At the time of writing I’ve sat on The Dark Mile for just over a full day trying to work out my thoughts on the film. Not that I didn’t like it, in fact, it’s probably the best film I’ve seen at this year’s Festival so far. It’s an experience that I guarantee will piss a lot of people off and trying to recommend it is going to prove difficult, due to the film’s own encouragement that “the less you know the better.”
London couple Claire (Deirdre Mullins) and Louise (Rebecca Calder) take a trip to the highlands of Scotland to take their mind off of Louise suffering a miscarriage six months prior.

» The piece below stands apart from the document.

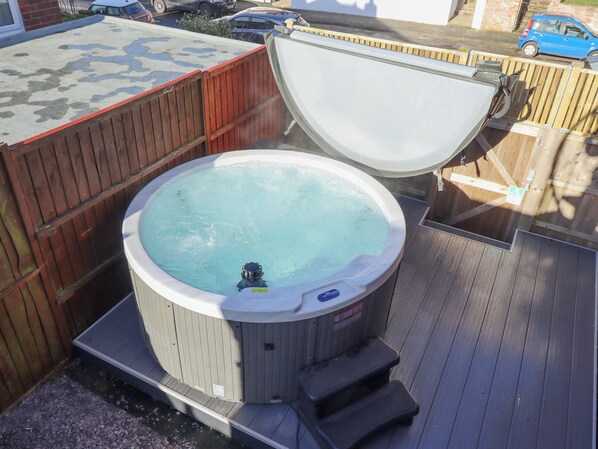 Ferienhaus | Außen-Whirlpool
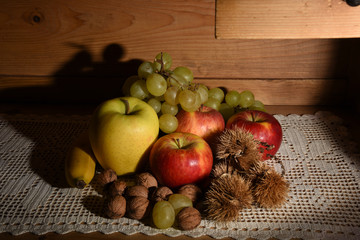 composizione frutta frutto natura morta frutta mele uva noci castagne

To Claire’s horror, she discovers they’ll be manning their own boat instead of staying in a hotel, but she goes through with it for Louise, even at the cost of her beloved Wi-Fi. Despite some of the locals appearing more than a little strange, the women find solace in the solitude and appear to make amends to their relationships. Claire’s constant text message from Miles, a man she had an affair with during Louise’s recovery, or a mysterious black canal boat that appears to be following the couple and might hold the reason to why Louise is having strange, prophetic visions of pagan rituals.
That’s as bare-bones as I can make the plot without going into the finer details. This is a very slow-burning film with the backbone consisting of the women being chased by the canal boat. There’s a much richer story going on here that you need to pay attention to in order to get the full narrative hit. It’s why I think a lot of people won’t like this film because it takes a very old-school approach to story-telling in horror. All the pieces are there to get a good idea of what’s going, in this case the themes of fertility, pagan rituals and sacrifice, but there’s never a clear answer. It’s a film that invites multiple viewings, discussions about how everything fits together, and the meaning behind it all. People are not going to like that, they’re not going to like the film’s incessant need to not give you a full answer, but others should appreciate the unnerving factor that comes from not knowing what’s the driving force behind this madness.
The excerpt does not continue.